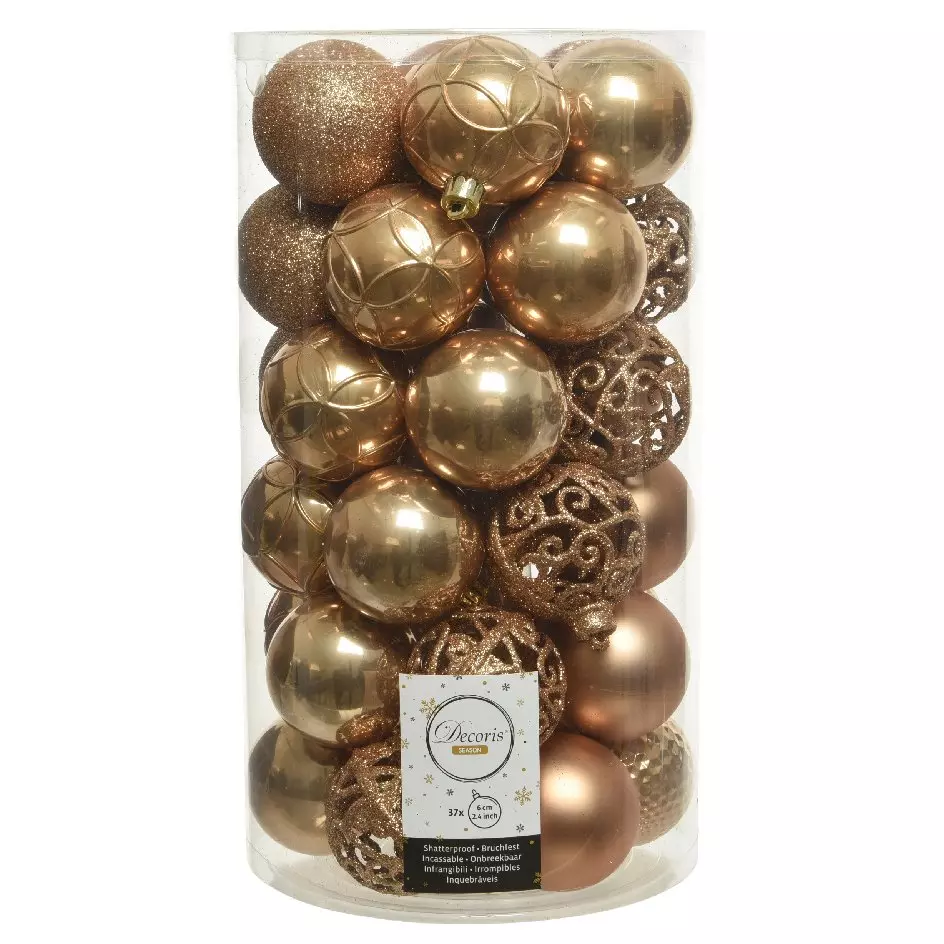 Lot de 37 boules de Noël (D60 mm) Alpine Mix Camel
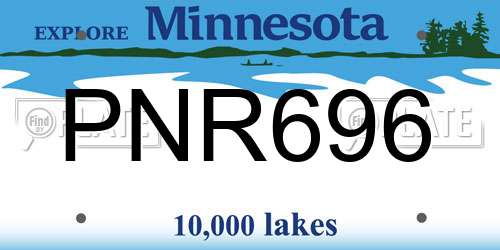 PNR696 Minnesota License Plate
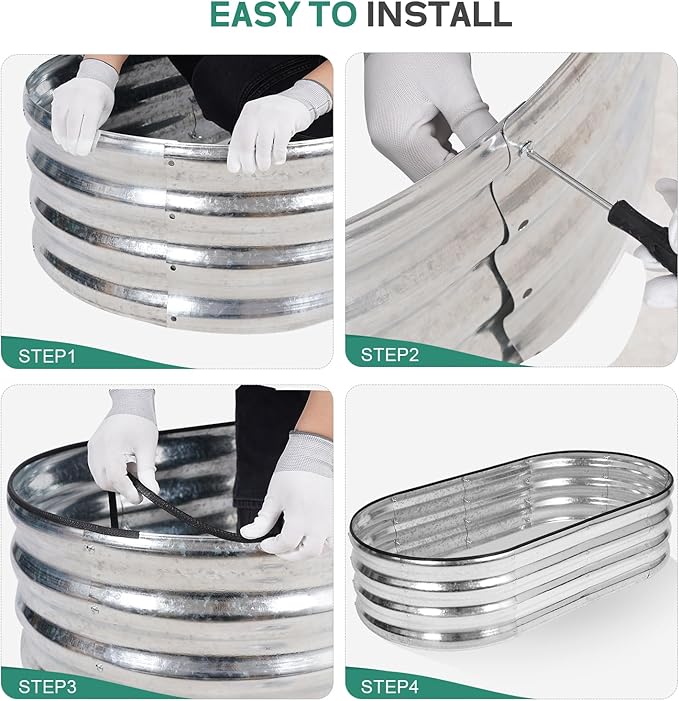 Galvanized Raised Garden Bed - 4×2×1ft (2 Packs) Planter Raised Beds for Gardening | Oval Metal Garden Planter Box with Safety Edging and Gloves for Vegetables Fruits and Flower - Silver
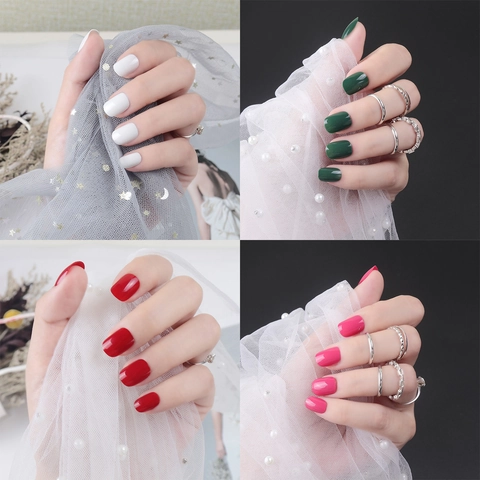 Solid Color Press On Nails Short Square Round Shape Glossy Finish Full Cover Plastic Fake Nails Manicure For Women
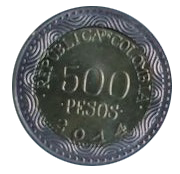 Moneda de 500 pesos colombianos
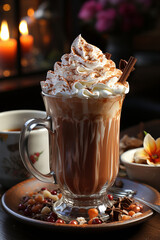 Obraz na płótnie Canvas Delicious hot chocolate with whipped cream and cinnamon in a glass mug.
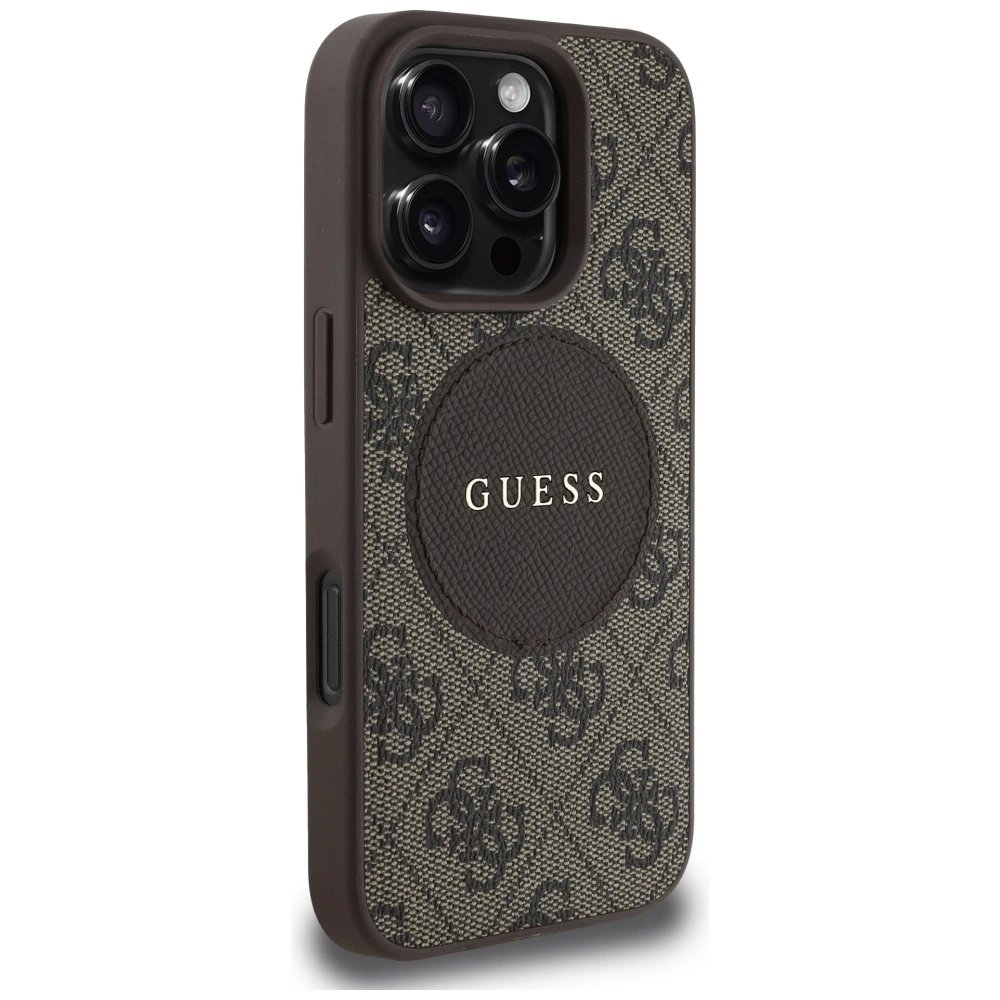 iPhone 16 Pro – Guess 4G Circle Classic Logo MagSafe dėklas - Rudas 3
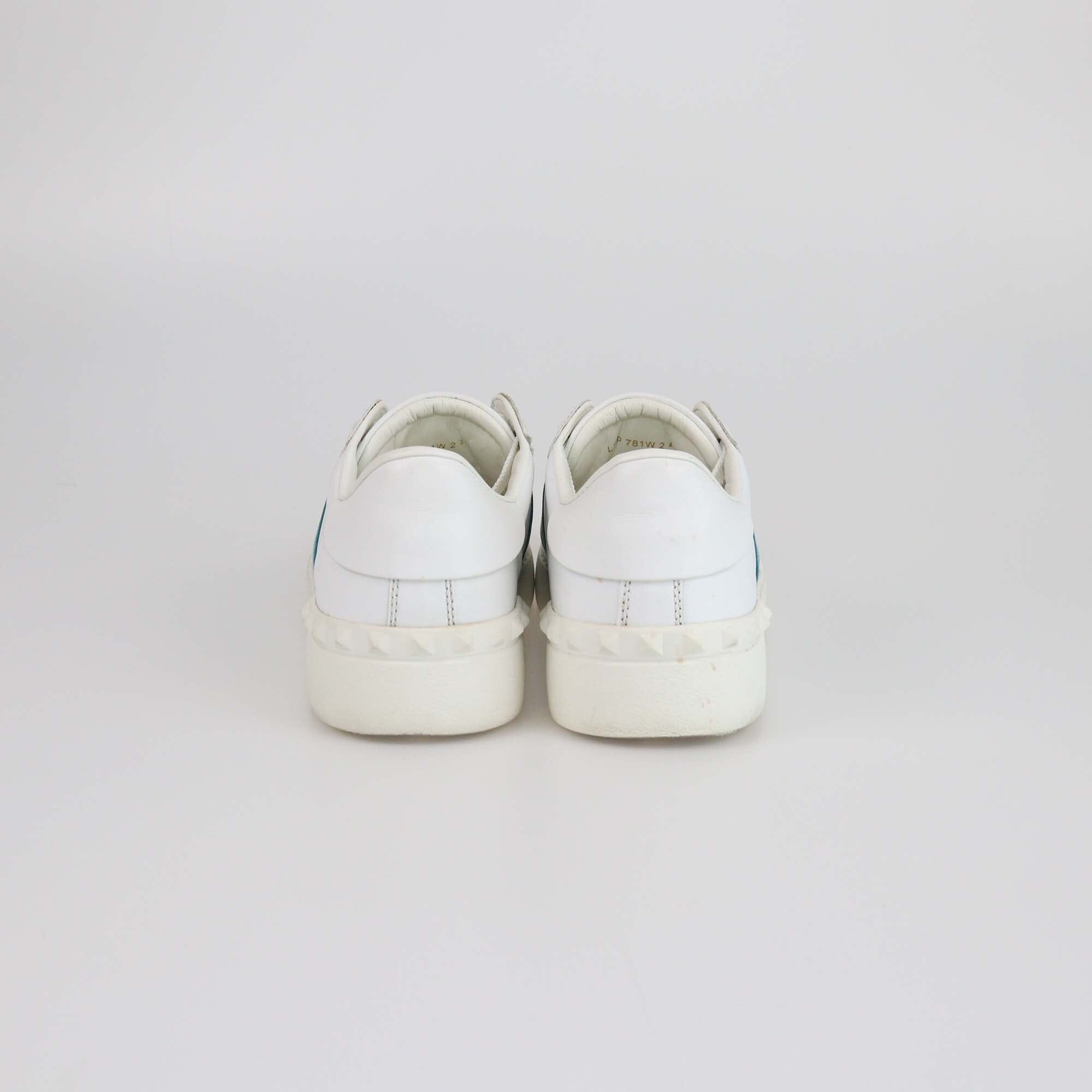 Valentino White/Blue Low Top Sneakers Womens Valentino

☆ ☆ ☆ ☆ ☆ ☆ ☆

● **PROBLEM DESCRIPTION**: Output, exactly and only, the lines beginning with the one that contains "iPhone 16 Pro" and ending at the last line of the records above. Drop the pictures.

● **RESPONSE TO THIS EXERCISE**:
 iPhone 16 Pro – Guess 4G Circle Classic Logo MagSafe dėklas - Rudas 3
 Valentino White/Blue Low Top Sneakers Womens Valentino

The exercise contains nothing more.